A GenAI web app — a customer support assistant, an internal copilot, an “AI feature” inside a SaaS — is a different shape from a local coding agent. It serves many users at once, each session has different scope, and the security boundary needs to enforce per-tenant rules without becoming a bottleneck.

This guide shows how to put such an app behind OpenFirma. It builds on every other guide; cross-links are inline. The example app: a multi-tenant assistant where each user has their own session and the app calls OpenAI and a vendor SaaS on their behalf.

┌──────────────────┐ ┌─────────────────────────┐
│ HTTPS clients │──── HTTPS ────►│ Web app (Node/Py/Go) │
└──────────────────┘ │ issues per-session │
│ capabilities, makes │
│ outbound LLM calls │
└────────┬────────────────┘
│ HTTP_PROXY=...
┌─────────────────────────┐
│ Sidecar │ ◄── per-pod or per-host
│ (enforcement + inject) │
└────────┬────────────────┘
├──► api.openai.com (allowed)
├──► api.acme-vendor.com (allowed)
└──X paste.rs (denied)
┌─────────────────────────┐
│ Authority │ ◄── shared by all Sidecars
│ (issuance + bundles) │
└─────────────────────────┘

Three deployment shapes for the Sidecar:

  • Per-pod sidecar (Kubernetes / containers). Standard sidecar pattern: each app pod has a Sidecar container, the app talks to it over loopback. Right for production — strong tenant isolation, easy to scale horizontally.
  • Per-host daemon (VM / bare metal). One Sidecar per host, all app processes on the host route through it. Right for simpler topologies.
  • Embedded (gRPC interceptor mode). Sidecar in-process with the app via the gRPC interceptor. Right when you control the app’s HTTP client and want zero proxy footprint.

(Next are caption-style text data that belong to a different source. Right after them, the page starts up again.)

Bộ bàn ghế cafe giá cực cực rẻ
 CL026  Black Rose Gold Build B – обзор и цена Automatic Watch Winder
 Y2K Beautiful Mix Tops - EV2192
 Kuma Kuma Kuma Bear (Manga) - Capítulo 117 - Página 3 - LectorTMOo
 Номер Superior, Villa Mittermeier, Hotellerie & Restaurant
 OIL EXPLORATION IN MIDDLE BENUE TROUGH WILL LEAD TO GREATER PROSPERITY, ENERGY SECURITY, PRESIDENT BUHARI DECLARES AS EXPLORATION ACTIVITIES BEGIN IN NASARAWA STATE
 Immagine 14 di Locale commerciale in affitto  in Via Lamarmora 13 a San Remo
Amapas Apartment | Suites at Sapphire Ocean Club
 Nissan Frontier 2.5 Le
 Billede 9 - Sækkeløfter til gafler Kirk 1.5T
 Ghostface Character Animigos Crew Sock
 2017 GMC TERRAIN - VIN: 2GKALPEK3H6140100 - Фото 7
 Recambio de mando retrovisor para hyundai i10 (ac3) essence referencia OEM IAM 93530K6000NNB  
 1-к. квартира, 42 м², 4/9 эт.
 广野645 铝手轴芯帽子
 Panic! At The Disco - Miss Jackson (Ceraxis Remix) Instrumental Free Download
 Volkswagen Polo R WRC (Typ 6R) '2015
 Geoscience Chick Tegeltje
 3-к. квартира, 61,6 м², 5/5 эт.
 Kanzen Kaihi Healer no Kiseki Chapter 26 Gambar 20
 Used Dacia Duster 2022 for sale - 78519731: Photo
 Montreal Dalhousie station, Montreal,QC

The rest of this guide uses per-pod sidecar. The patterns translate to the other shapes with minor config changes.

In a multi-tenant web app, “the agent” is not the app. The agent is the session — what the app is doing on behalf of one user. The choice that matters most:

ChoiceMeaningUse when
agent_id = <tenant_id>One agent identity per tenant; sessions are sub-units.Per-tenant policies, shared models.
agent_id = <user_id>One agent identity per end user.Strict per-user audit isolation.
agent_id = <app_name>A single agent identity for the whole app.Single-tenant; minimal isolation.

This guide uses agent_id = <tenant_id> and session_id = <user-session-uuid>. That gives you per-tenant policies plus per-session isolation in the audit log.

One Authority for the whole deployment. It signs every capability your app mints, streams policy bundles, broadcasts revocations.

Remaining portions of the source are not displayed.